Foreign funds have poured millions of dollars in restaurant chains in Vietnam, where a large population with a growing middle class is expected to provide solid support to the growth of the food and beverages industry.
KAfe Group Limited, which runs a coffeehouse chain in Vietnam, received an investment of US$5.5 million from institutional investors in London and Hong Kong.
Hong Kong-based Cassia Investments, a private-equity firm specializing in funding lower middle-market companies across Asia, has provided 90 percent of the funding. The other 10 percent came from another investor based in London.

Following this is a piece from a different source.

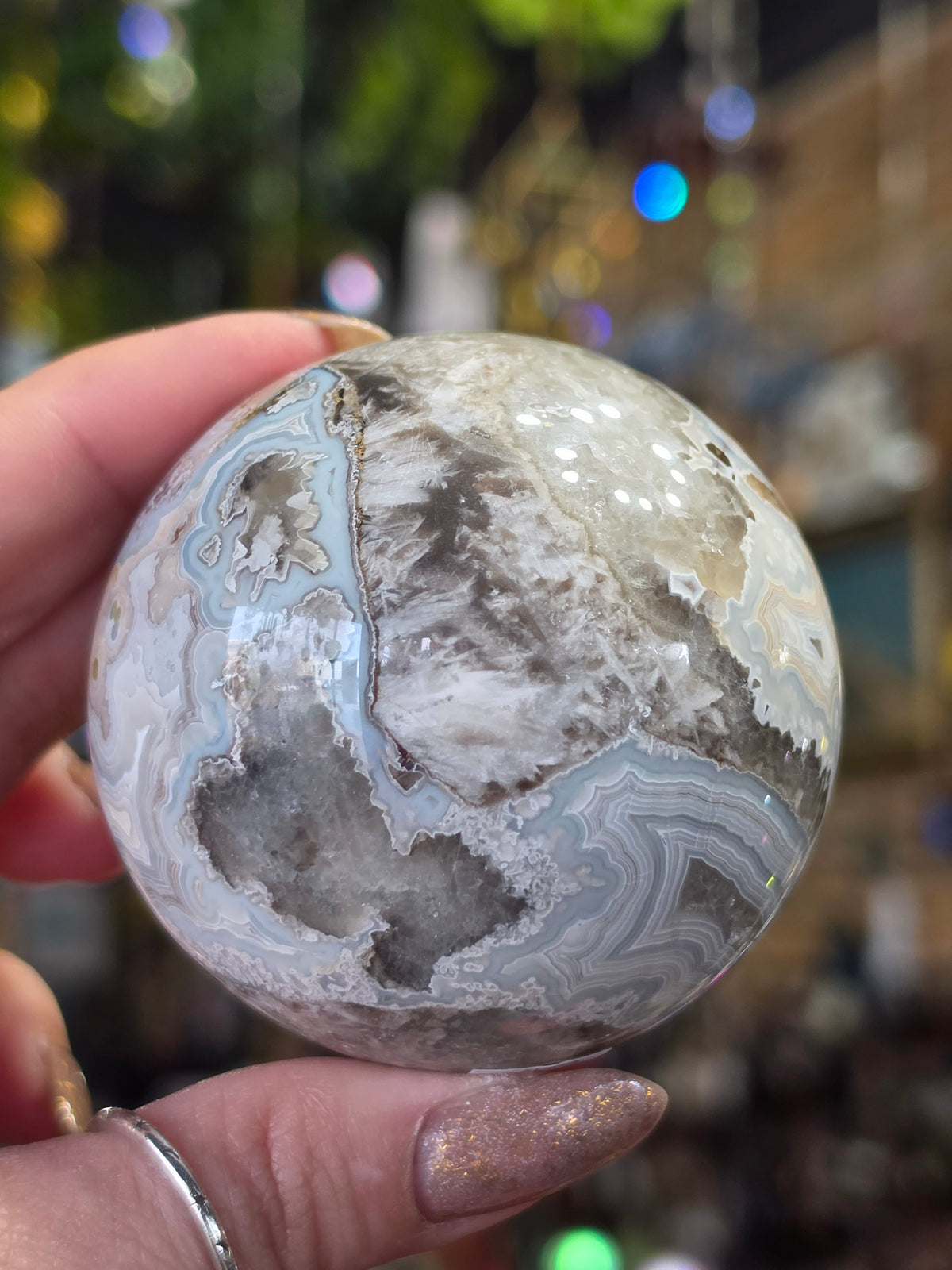 Laguna Lace Agate Sphere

KAfe founder Dao Chi Anh, who said the funding would allow the chain to expand its operations in Vietnam, hopes to increase the number of outlets to 26 from 12 last year.
KAfe Group is also eyeing an overseas public listing at a later stage for further expansion in the country.
It is reportedly developing its own branded coffee and tea ranges and a pressed juice range.
Anh, a home chef and a cookbook author, opened the first KAfe store in August 2013, targeting young customers with fusion cuisine and naturally flavored drinks.
Anh’s coffeehouse chain is one of many restaurant chains to attract foreign investment in recent years. Huy Vietnam Food Processing Company, which operate more than 100 restaurants serving Vietnamese food, got an infusion of $11 million from US fund Franklin Templeton.
Franklin Templeton prioritizes investment in firms with good management, efficient business and transparent information, newswire VnExpress quoted Mark Mobius, Executive Chairman of Templeton Emerging Markets Group, as saying.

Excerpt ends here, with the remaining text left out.